What the task requires>
The answer must consist solely of the lines below starting at the one containing "Custom Embroidered or" and ending at the one containing "ROSEY ESPADRILLE WEDGE", repeated exactly, with both ends included and all pictures omitted.

Raw data>
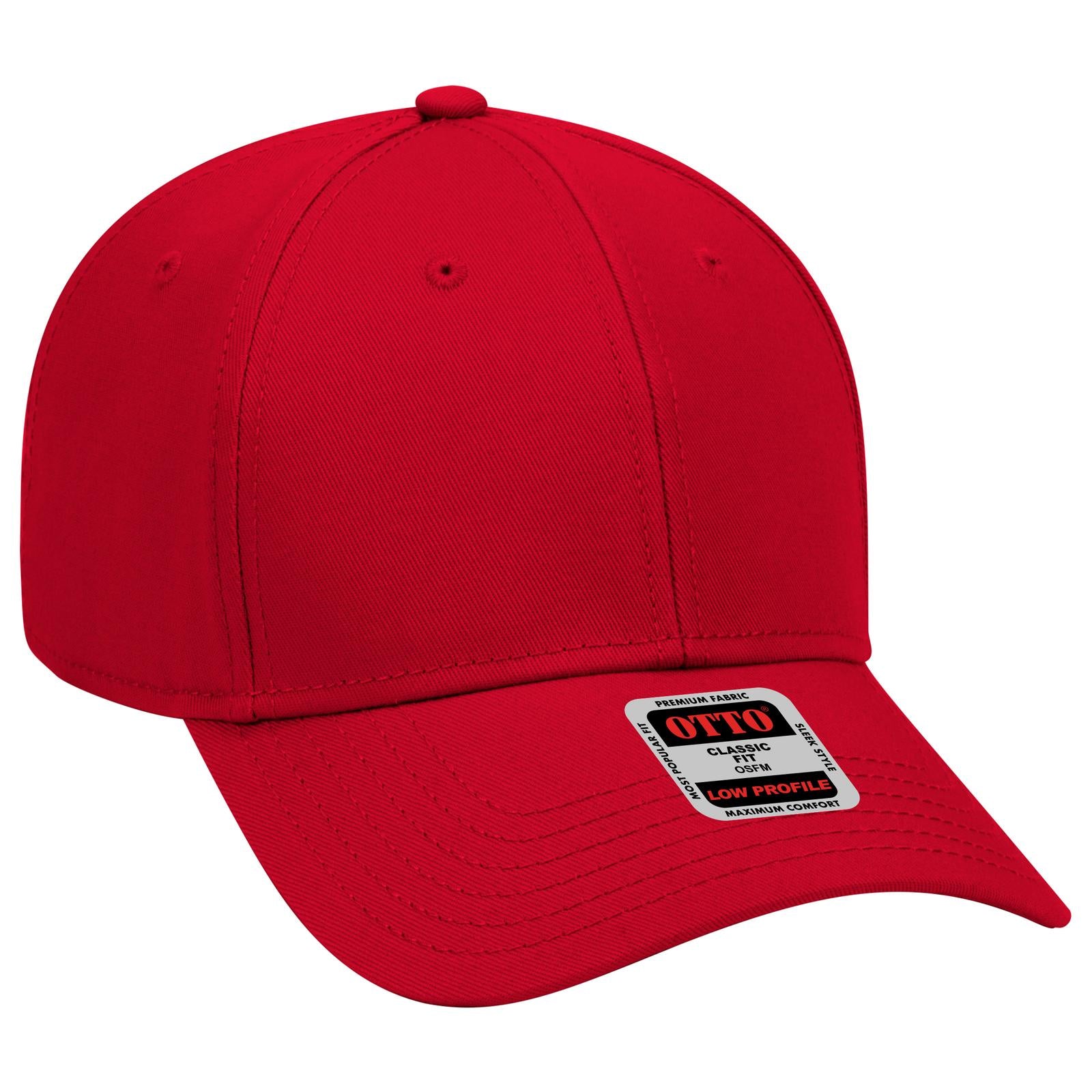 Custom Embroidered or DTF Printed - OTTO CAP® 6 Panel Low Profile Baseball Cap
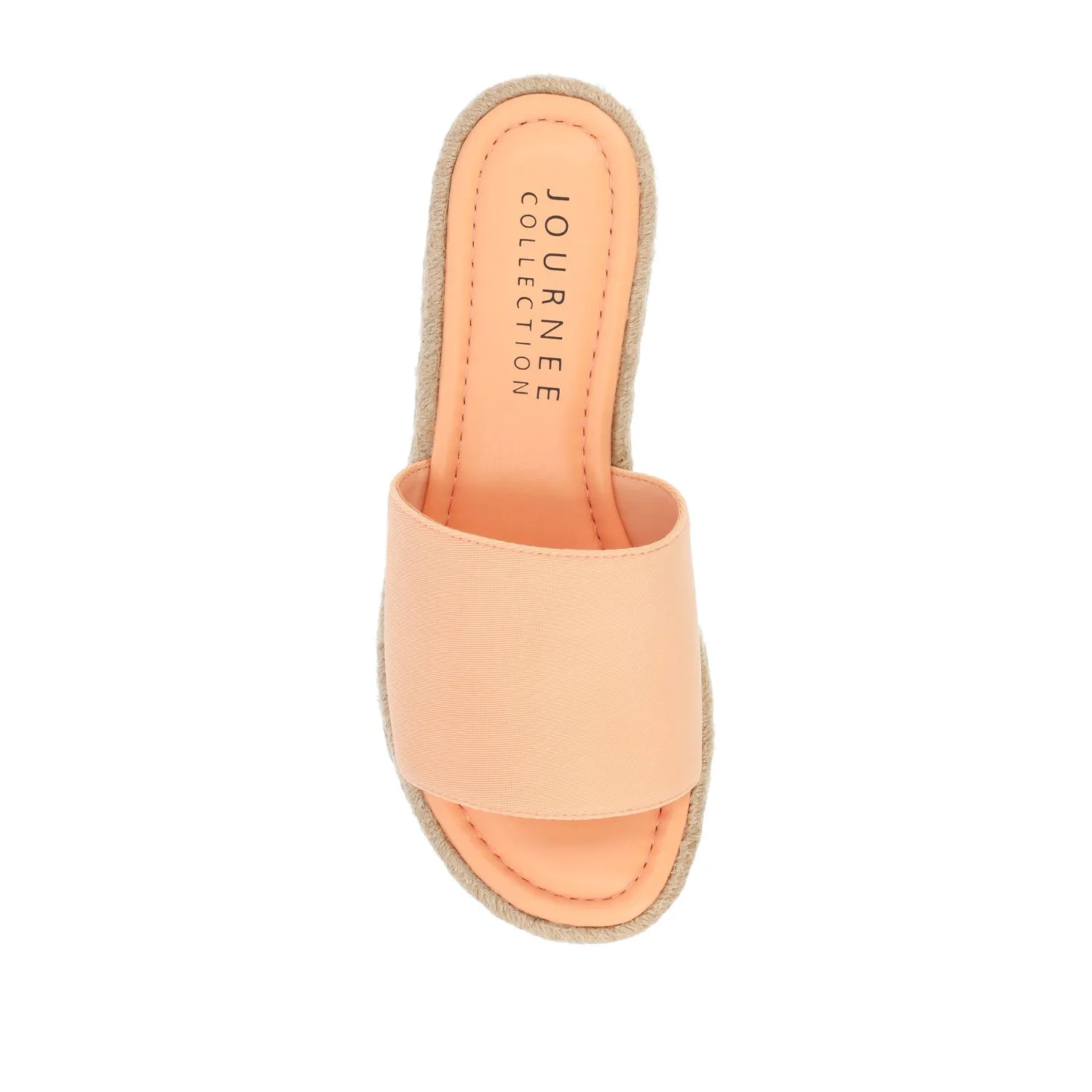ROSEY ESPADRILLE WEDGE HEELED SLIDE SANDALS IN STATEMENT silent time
* * *
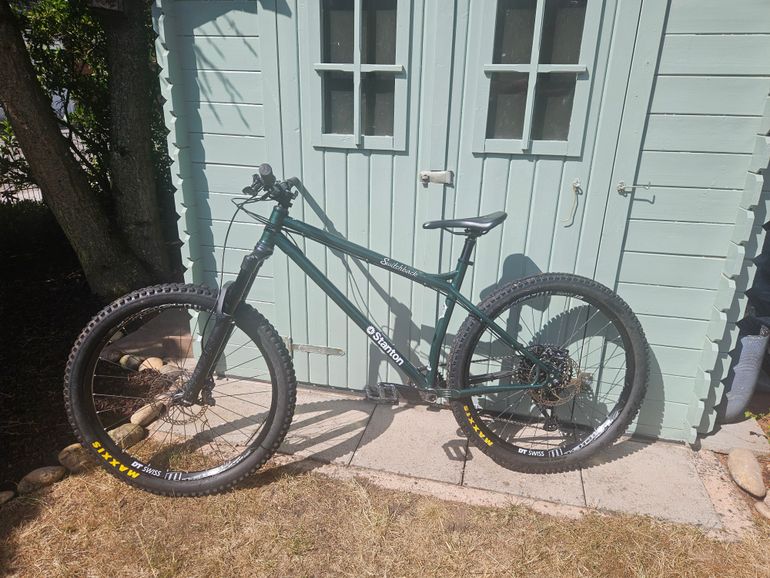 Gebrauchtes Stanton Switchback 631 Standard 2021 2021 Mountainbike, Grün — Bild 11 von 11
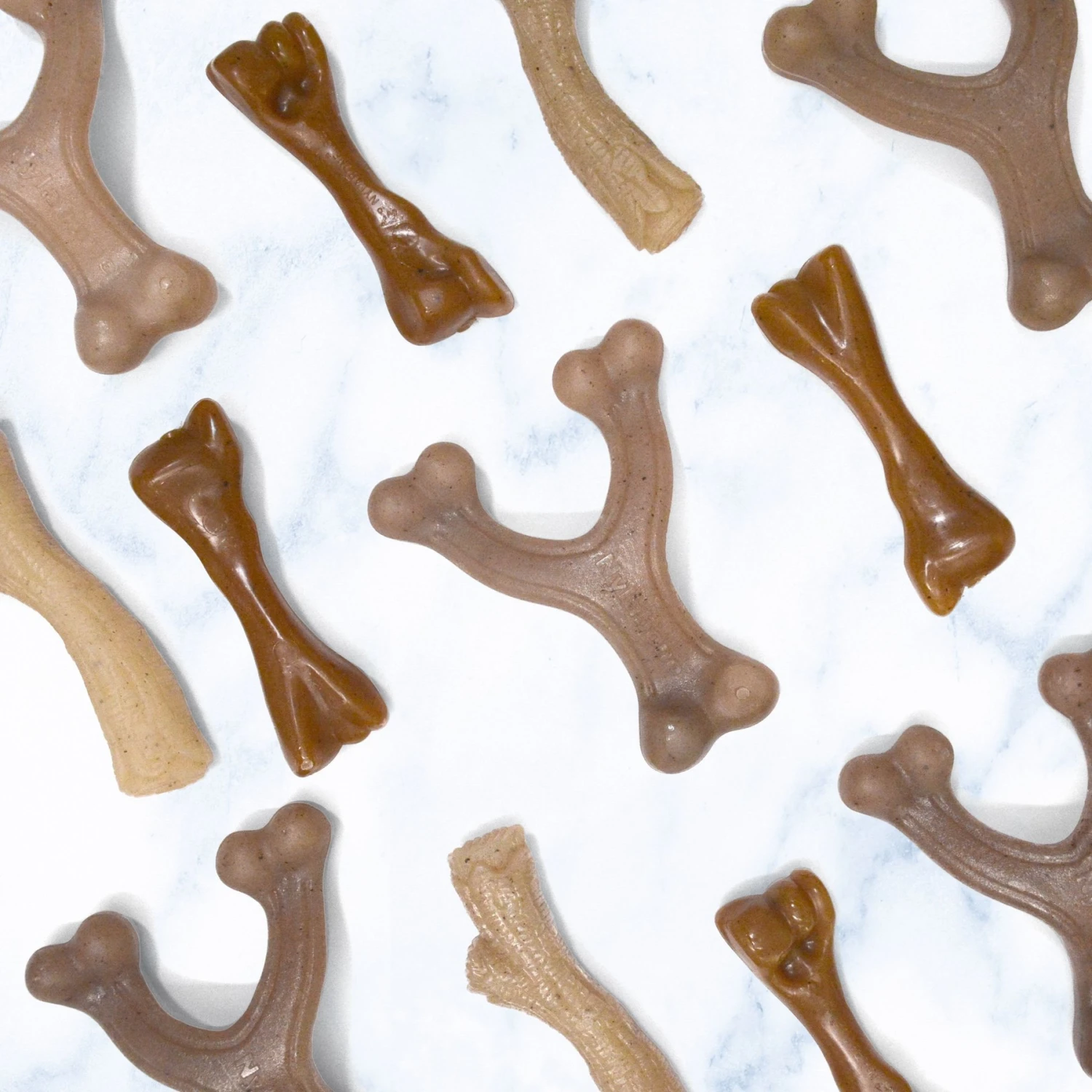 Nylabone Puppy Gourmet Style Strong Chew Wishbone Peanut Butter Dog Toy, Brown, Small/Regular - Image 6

Answer to this problem>
 Custom Embroidered or DTF Printed - OTTO CAP® 6 Panel Low Profile Baseball Cap
ROSEY ESPADRILLE WEDGE HEELED SLIDE SANDALS IN STATEMENT silent time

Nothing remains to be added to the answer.